After a few weeks, I increase the word count to 2,500 or 3,000 words a day and give myself little rewards, like “750 more words, and I can go to the gym, or take a long walk, or make a cup of tea.” When I’m nearing the end of a first draft, I’m working at a more feverish pace and can often do 5,000 or 6,000 words a day. I don’t write on weekends, but I will read over what I’ve done that week and make notes. And I am always thinking about my work, even when I’m doing other things. (Perhaps this explains that time I put the salt in the refrigerator and the butter in the silverware drawer – yeah, let’s go with that.) So I guess what I’m saying is that if I am pulled away from my work, it’s because I choose to be, not because there are forces beyond my control, though yes, those sometimes happen. I will always, always, stop what I am doing to talk to my boys when they call, even if I am in mid-sentence.
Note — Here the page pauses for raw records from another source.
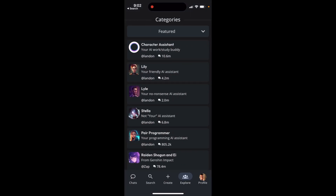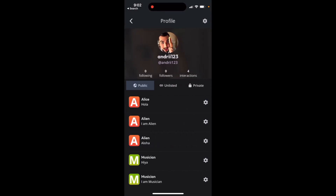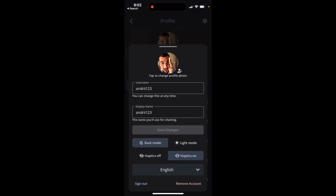Hey there, so here is the Character AI app. Just go to your profile in the bottom right, tap on settings in the top right,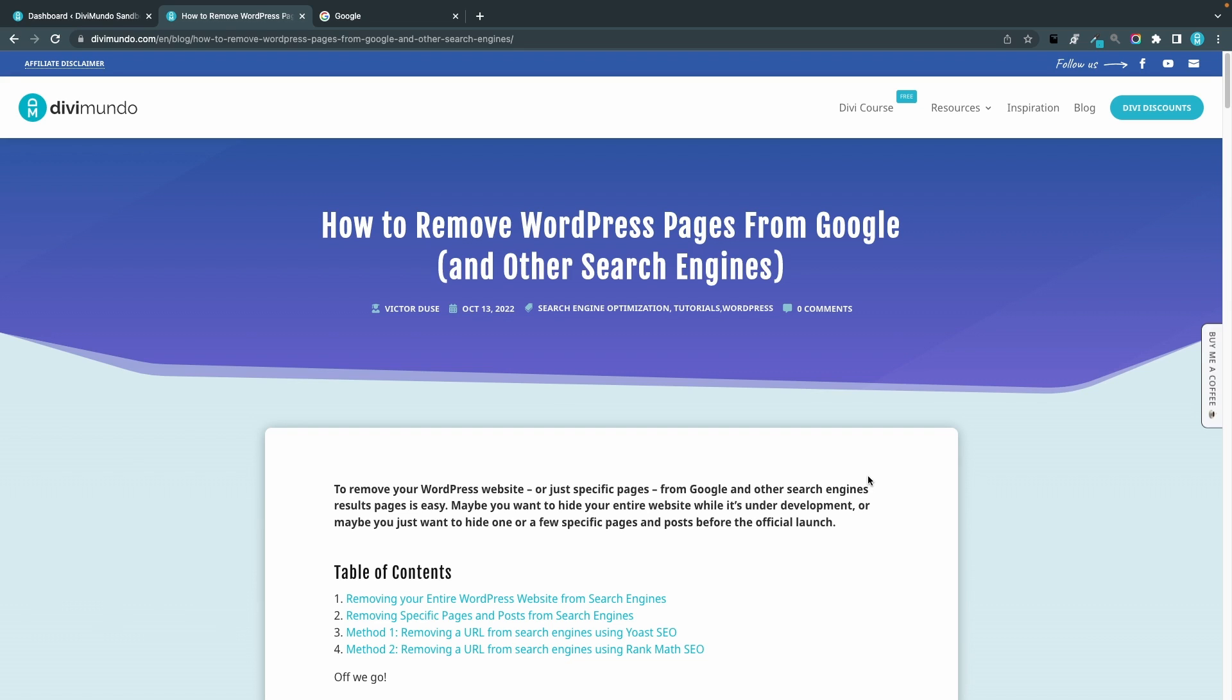I'm Victor at divmundo.com and in this tutorial I'm going to show you how to do just that. You'll find all the links and resources needed in this blog post on divmundo.com, and if you're watching this on YouTube you'll find the link in the description below the video.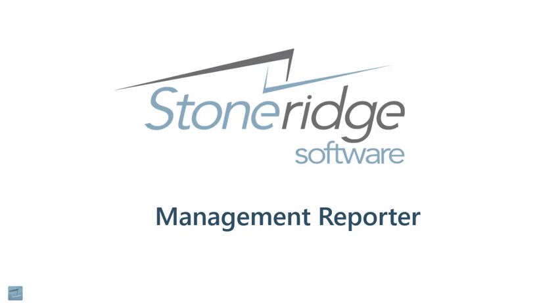Hi, I'm Dan Liebel, a senior consultant at Stone Ridge Software, covering Introduction to Managed Reporter.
And if there’s a dog in the room? All bets are off.

What part of Savannah did you enjoy writing the most? 
I loved writing the ballet scenes, because, well, ballet. I adore it, so naturally I did a lot of research. By which I mean I watched hours and hours and hours of ballet on YouTube. But even more than that, I loved writing Sparrow’s (Savannah’s) interior monologue, which was often completely different from what she said out loud to her friends and family. I am so fascinated by what people think and what they say, and how often the two are polar opposites. We’re complicated creatures, we humans, and sometimes we keep so much of our hearts and souls – the most precious parts of ourselves – safely hidden away, because we’re terrified of being hurt. I love writing that.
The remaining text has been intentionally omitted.